La commission des affaires sociales du Sénat avait confié, en début d’année, à Muguette Dini et Michelle Meunier, une mission sur la protection de l’enfance afin d’étudier la mise en œuvre de la loi du 5 mars 2007 réformant la protection de l’enfance et de formuler, le cas échéant, des propositions d’amélioration du dispositif actuel.

Muguette Dini et Michelle Meunier ont déposé un projet de loi au Sénat le 23 septembre dernier visant à « améliorer la gouvernance nationale et locale de la protection de l’enfant ; sécuriser le parcours de l’enfant protégé ; adapter le statut de l’enfant placé sur le long terme ».

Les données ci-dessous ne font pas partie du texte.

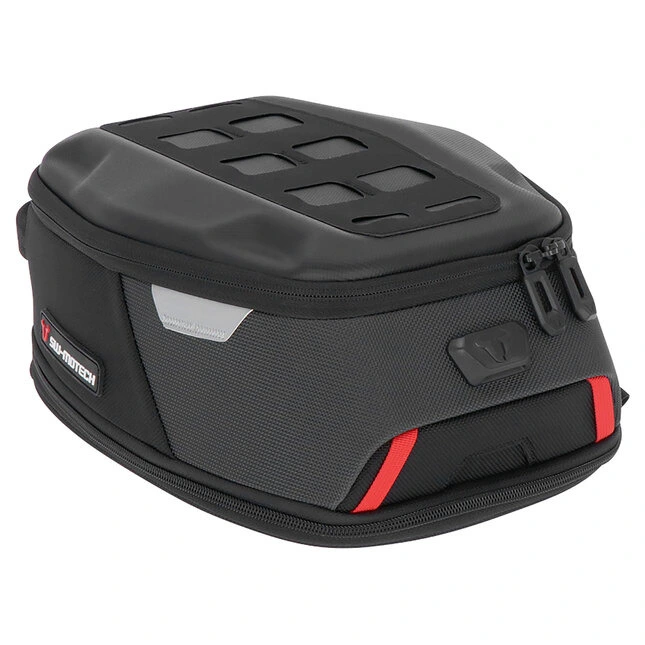 SW-Motech PRO Daypack Magnet-Tankrucksack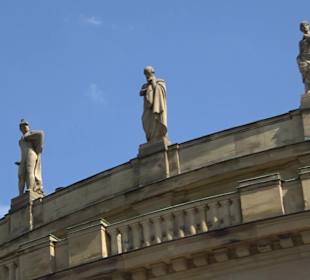 Staatsoper Stuttgart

La mission dresse le constat que la loi de 2007 est globalement une bonne loi, qui a permis au système de gagner en lisibilité et en efficacité. Cependant, confrontée à l’épreuve du terrain, son déploiement se heure encore à de nombreux obstacles : fortes disparités territoriales, absence de pilotage national, insuffisance de la formation des professionnels concernés, manque de coopération entre les secteurs d’intervention, retard dans le développement de la prévention, prévalence du maintien du lien familial biologique à tout prix dans les pratiques professionnelles... Elle est en outre insuffisamment dotée pour répondre à l’enjeu de plus en plus prégnant de la stabilisation des parcours des enfants protégés.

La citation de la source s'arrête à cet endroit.